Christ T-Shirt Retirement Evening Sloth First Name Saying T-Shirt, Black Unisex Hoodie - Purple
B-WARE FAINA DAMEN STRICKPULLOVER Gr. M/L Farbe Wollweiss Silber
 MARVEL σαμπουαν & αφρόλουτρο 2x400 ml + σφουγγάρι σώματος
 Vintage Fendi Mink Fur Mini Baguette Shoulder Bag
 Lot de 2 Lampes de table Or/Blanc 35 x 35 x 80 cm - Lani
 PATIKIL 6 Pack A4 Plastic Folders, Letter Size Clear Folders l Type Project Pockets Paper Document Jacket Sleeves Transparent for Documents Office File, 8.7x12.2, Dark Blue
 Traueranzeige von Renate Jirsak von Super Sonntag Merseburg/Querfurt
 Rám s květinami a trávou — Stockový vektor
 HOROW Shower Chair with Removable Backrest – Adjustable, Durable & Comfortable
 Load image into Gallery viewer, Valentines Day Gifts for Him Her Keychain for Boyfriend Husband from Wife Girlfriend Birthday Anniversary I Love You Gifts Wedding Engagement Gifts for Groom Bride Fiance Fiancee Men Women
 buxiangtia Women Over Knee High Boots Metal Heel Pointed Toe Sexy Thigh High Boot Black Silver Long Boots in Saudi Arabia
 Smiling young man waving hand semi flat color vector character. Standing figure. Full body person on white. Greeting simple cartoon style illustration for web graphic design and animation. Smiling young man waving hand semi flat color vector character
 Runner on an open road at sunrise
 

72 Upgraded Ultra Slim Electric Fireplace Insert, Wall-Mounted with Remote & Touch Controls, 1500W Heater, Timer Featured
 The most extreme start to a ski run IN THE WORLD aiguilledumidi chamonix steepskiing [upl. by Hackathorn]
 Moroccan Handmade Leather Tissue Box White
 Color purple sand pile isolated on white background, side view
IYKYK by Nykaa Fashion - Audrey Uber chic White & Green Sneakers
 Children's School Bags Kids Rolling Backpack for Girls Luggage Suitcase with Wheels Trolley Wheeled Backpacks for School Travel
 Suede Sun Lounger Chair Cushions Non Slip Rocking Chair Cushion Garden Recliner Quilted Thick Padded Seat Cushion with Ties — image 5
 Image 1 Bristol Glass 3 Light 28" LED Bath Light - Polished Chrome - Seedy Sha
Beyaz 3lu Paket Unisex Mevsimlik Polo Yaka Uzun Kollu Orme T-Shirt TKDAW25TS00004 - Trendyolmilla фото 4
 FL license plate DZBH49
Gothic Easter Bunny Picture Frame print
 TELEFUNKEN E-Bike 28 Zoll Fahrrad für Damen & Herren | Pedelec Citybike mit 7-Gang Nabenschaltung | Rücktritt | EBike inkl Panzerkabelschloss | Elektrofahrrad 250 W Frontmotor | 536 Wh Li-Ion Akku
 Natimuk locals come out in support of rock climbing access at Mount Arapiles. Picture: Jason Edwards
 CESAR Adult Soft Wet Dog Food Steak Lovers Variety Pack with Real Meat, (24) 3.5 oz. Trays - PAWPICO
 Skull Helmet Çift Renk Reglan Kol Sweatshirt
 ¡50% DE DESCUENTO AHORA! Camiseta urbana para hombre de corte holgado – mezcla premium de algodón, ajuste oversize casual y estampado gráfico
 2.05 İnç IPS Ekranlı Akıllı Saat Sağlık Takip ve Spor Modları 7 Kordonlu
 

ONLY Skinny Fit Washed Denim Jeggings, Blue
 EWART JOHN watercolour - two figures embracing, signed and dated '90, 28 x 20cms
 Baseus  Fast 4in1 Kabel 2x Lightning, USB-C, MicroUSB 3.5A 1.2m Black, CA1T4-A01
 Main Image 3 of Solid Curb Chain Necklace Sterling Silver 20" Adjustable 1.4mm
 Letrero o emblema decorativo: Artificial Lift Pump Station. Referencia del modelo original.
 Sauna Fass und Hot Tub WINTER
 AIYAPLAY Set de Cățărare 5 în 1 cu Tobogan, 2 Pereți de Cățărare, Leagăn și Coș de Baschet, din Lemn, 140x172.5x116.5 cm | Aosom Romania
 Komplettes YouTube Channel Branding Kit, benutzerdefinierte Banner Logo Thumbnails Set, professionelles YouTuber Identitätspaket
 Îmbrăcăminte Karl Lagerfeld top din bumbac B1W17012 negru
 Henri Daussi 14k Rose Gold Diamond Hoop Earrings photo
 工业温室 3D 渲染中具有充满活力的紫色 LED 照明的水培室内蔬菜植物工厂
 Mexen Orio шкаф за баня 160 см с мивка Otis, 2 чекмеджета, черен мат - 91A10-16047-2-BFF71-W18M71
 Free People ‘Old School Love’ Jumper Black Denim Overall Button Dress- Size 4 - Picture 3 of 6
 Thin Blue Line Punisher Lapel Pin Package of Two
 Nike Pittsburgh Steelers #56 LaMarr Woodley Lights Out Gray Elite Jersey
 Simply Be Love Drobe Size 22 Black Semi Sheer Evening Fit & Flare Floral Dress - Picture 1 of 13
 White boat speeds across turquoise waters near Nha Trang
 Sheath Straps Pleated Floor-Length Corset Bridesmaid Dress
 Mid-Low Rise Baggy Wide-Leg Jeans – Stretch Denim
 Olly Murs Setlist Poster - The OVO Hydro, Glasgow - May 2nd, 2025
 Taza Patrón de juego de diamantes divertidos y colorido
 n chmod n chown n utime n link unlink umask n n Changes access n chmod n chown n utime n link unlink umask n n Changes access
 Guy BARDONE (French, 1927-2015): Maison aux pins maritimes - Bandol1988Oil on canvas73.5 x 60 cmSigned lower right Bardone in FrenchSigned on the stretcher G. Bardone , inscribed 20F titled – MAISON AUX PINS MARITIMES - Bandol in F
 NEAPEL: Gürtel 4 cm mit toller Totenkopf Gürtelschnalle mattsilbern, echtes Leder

▶ Your assignment: Of the entries listed above, reproduce only the lines starting at the line containing "buxiangtia Women Over" and ending at the line containing "Moroccan Handmade Leather Tissue Box White". Include both, exactly as they stand.

▶ Answer space:
 buxiangtia Women Over Knee High Boots Metal Heel Pointed Toe Sexy Thigh High Boot Black Silver Long Boots in Saudi Arabia
 Smiling young man waving hand semi flat color vector character. Standing figure. Full body person on white. Greeting simple cartoon style illustration for web graphic design and animation. Smiling young man waving hand semi flat color vector character
 Runner on an open road at sunrise
 

72 Upgraded Ultra Slim Electric Fireplace Insert, Wall-Mounted with Remote & Touch Controls, 1500W Heater, Timer Featured
 The most extreme start to a ski run IN THE WORLD aiguilledumidi chamonix steepskiing [upl. by Hackathorn]
 Moroccan Handmade Leather Tissue Box White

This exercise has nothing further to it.